DXC Technology Reports Fourth Quarter and Full Fiscal Year 2026 Results

Total revenue for Q4 FY26 of $3.13 billion, down 1.2% YoY, down 6.6% on an organic basis(1)

Q4 FY26 Bookings of $3.3 billion, book to bill ratio of 1.07x

Q4 FY26 EBIT margin of (1.2)%, and adjusted EBIT(2) margin of 7.6%

Q4 FY26 Diluted earnings per share of $(0.84) down 158.7% YoY; Non-GAAP diluted earnings per share(3) of $0.77, down 8.3% YoY

Q4 FY26 Free cash flow(4) was $110 million and full fiscal year 2026 was $713 million, up 3.8% YoY

Repurchased $60 million of shares in Q4, and $250 million of shares in full fiscal year 2026 

ASHBURN, Va., May 7, 2026 /PRNewswire/ - DXC Technology (NYSE:DXC) today reported results for the fourth quarter and full fiscal year 2026.

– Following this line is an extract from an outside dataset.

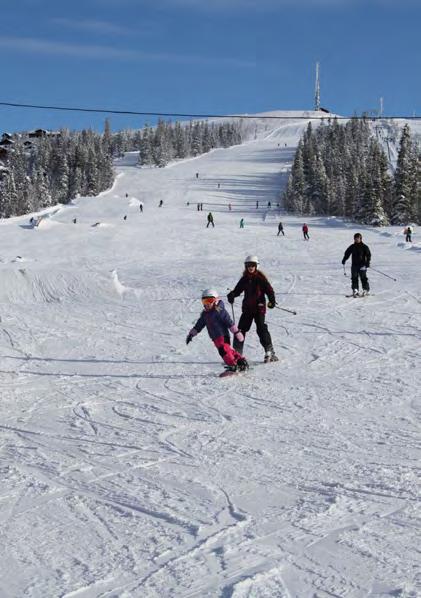 Skisenteret har et bredt utvalg av ski, snowboard og langrennsutstyr til leie.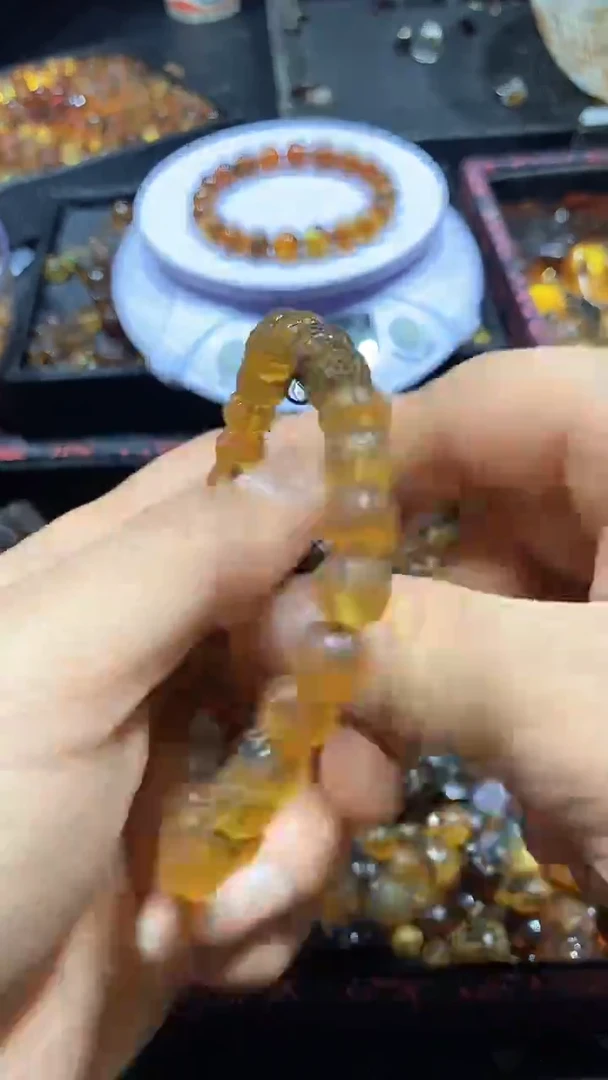 琥珀颈饰未镶嵌墨*天然缅甸琥珀珠子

"We delivered another quarter of strong free cash flow with adjusted EBIT margin ahead of our expectations, while our top line performance fell short," said DXC Technology President and CEO Raul Fernandez.  "Over the past year, we leaned into innovation to reposition DXC for the next phase of enterprise IT and AI driven transformation, including the recent launch of our AI based orchestration platform, OASIS and continued progress across our Core Track and Fast Track initiatives.  With our deep client relationships and a clear strategy in place, we remain confident in our direction and are focused on improved revenue performance and long-term value creation."

Financial Highlights - Fourth Quarter Fiscal Year 2026

Total revenue was $3.13 billion, down 1.2% year-over-year, down 6.6% on an organic basis.(1)

EBIT was $(39) million, down 111.1% year-over-year with a corresponding margin of (1.2)%. Adjusted EBIT(2) was $237 million, up 3.0% year-over-year, with a corresponding margin(2) of 7.6%.

Diluted earnings per share was $(0.84), down 158.7% year-over-year. Non-GAAP diluted earnings per share(3) was $0.77, down 8.3% year-over-year.

Cash generated from operations was $239 million, down $76 million year-over-year. Free cash flow(4) was $110 million, down $1 million year-over-year.

Bookings of $3.3 billion declined 13.5% year-over-year, with a book to bill ratio of 1.07x.

Returned $60 million of capital to shareholders by repurchasing approximately 4.6 million shares.

Segment Highlights - Fourth Quarter Fiscal Year 2026

Consulting and Engineering Services ("CES")

Revenue was $1,256 million, up 1.7% year-over-year, down 3.9% on an organic basis.(1)

Segment profit was $124 million, up 5.1% year-over-year, with a corresponding margin of 9.9%.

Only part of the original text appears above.